Complete technical specification and implementation details from the patent document.
This application is a national stage of International Application No. PCT/CN2022/098770, filed on Jun. 14, 2022, which is hereby incorporated by reference in its entirety.
The present disclosure relates to a method for decoding a 3D point cloud from a bitstream. Additionally, it is an object of the present disclosure to provide a method for encoding a 3D point cloud into a bitstream. Further, it is an object of the present disclosure to provide an encoder and decoder, a bitstream encoded according to the present disclosure and a software. In particular, it is an object of the present disclosure to provide a method with increased accuracy of the decoding or reconstruction process of a 3D point cloud.

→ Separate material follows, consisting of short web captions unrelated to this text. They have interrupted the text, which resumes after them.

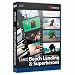 FXhome - Learn: Superheroes & Beach Landing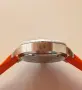 Ocean Crawler  Champion Diver  Limited Edition, снимка 11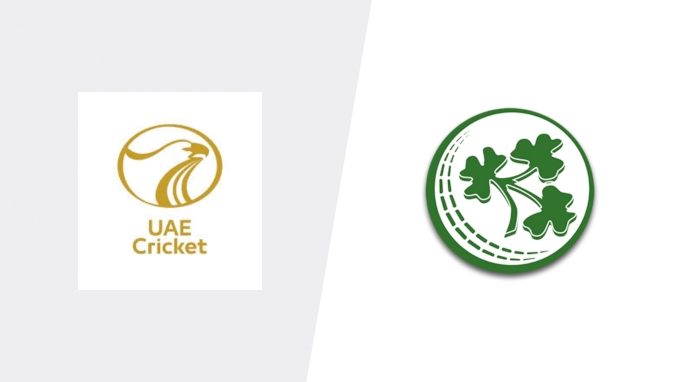 Team Matchup Image Service.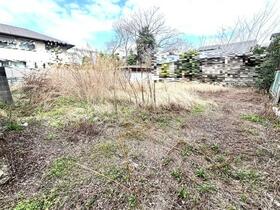 大阪府東大阪市高井田元町１丁目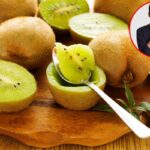 pode-comer-a-casca-do-kiwi?-essa-parte-ninguem-te-contou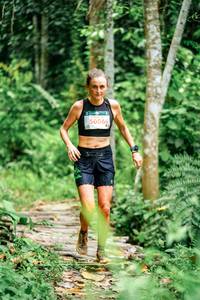 BIB: 5006
                            <button type="button" onclick="openModal(24824638)" class="btn btn-primary btn-sm float-right btn-popup" data-toggle="modal" data-target=".modal-high-quality">
                        <i class="fas fa-shopping-cart"></i> Add to Cart
                    </button>
                                            <button type="button" onclick="isThisMe(24824638, true)" class="btn btn-success btn-sm float-right btn-popup btn-isme hidden" data-toggle="tooltip" data-placement="bottom" title="นี่คือรูปของคุณใช่ไหม คลิกที่นี่เพื่อเอาเข้าอัลบั้ม">
                        <i class="fas fa-plus"></i> Add to album
                    </button>
                    <button type="button" onclick="isThisMe(24824638, false)" class="btn btn-warning btn-sm float-right btn-popup btn-isnotme hidden">
                        <i class="fas fa-ban"></i> Remove from album
                    </button>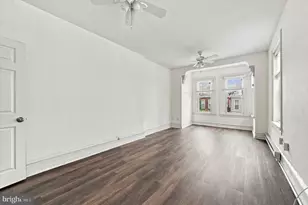 2325 N 17th St, Philadelphia, PA 19132 - Photo 18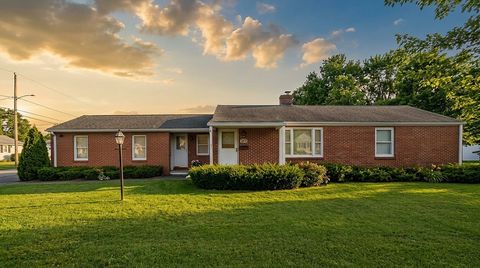 309 Island Pond Rd Springfield MA 01118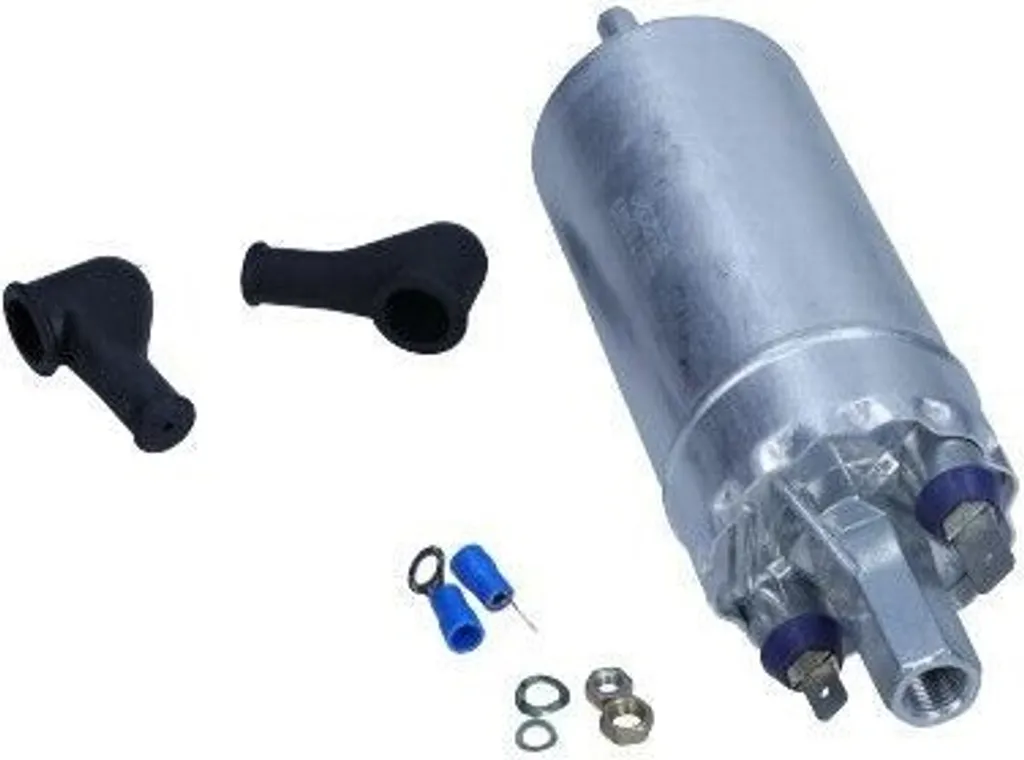 Pompe à carburant haute pression OE 46822767 Fiat Palio Strada Siena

As a format for the representation of 3D data, point clouds have recently gained traction as they are versatile in their capability in representing all types of 3D objects or scenes. Therefore, many use cases can be addressed by point clouds, among which are
A point cloud is a set of points located in a 3D space, optionally with additional values attached to each of the points. These additional values are usually called point attributes.

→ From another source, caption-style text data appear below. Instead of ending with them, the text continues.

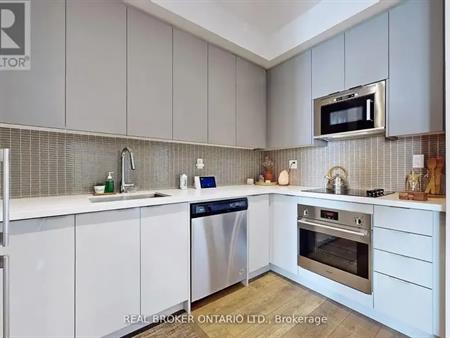 3204 - 2908 HIGHWAY 7 ROAD | 3204 - 2908 HIGHWAY 7 ROAD, Vaughan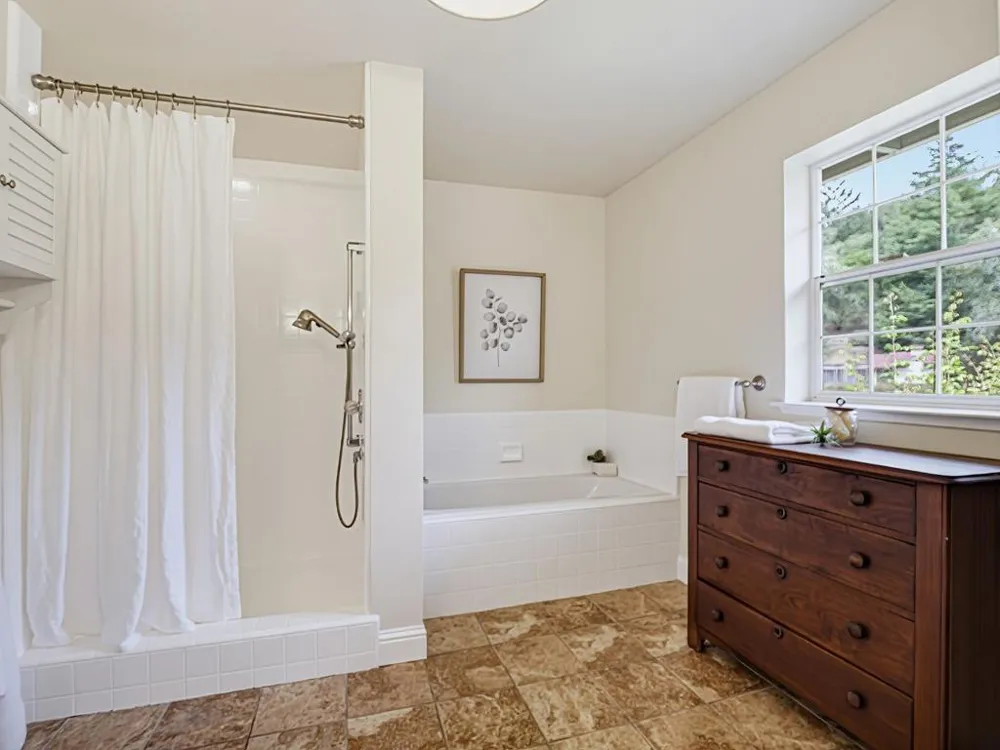 700 Meadowridge Road Watsonville, CA 95076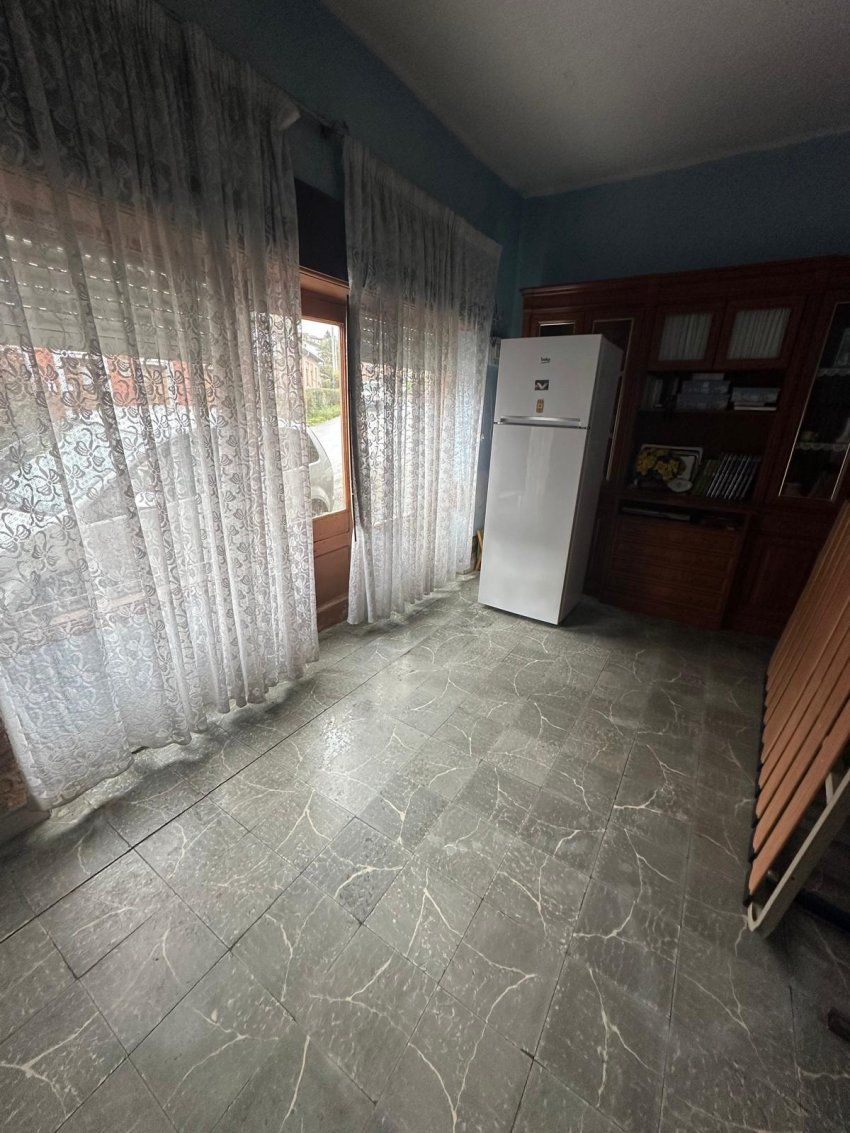 0071b5e7 ef70 4628 9dd7 de313d90b6ea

Consequently, a point cloud is combination of a geometry (the 3D position of each point) and attributes.
Attributes may be, for example, three-component colours, material properties like reflectance and/or two-component normal vectors to a surface associated with the point.
Point clouds may be captured by various types of devices like an array of cameras, depth sensors, Lidars, scanners, or may be computer-generated (in movie post-production for example). Depending on the use cases, points clouds may have from thousands to up to billions of points for cartography applications.
Raw representations of point clouds require a very high number of bits per point, with at least a dozen of bits per spatial component X, Y or Z, and optionally more bits for the attribute(s), for instance three times 10 bits for the colours. Practical deployment of point-cloud-based applications requires compression technologies that enable the storage and distribution of point clouds with reasonable storage and transmission infrastructures.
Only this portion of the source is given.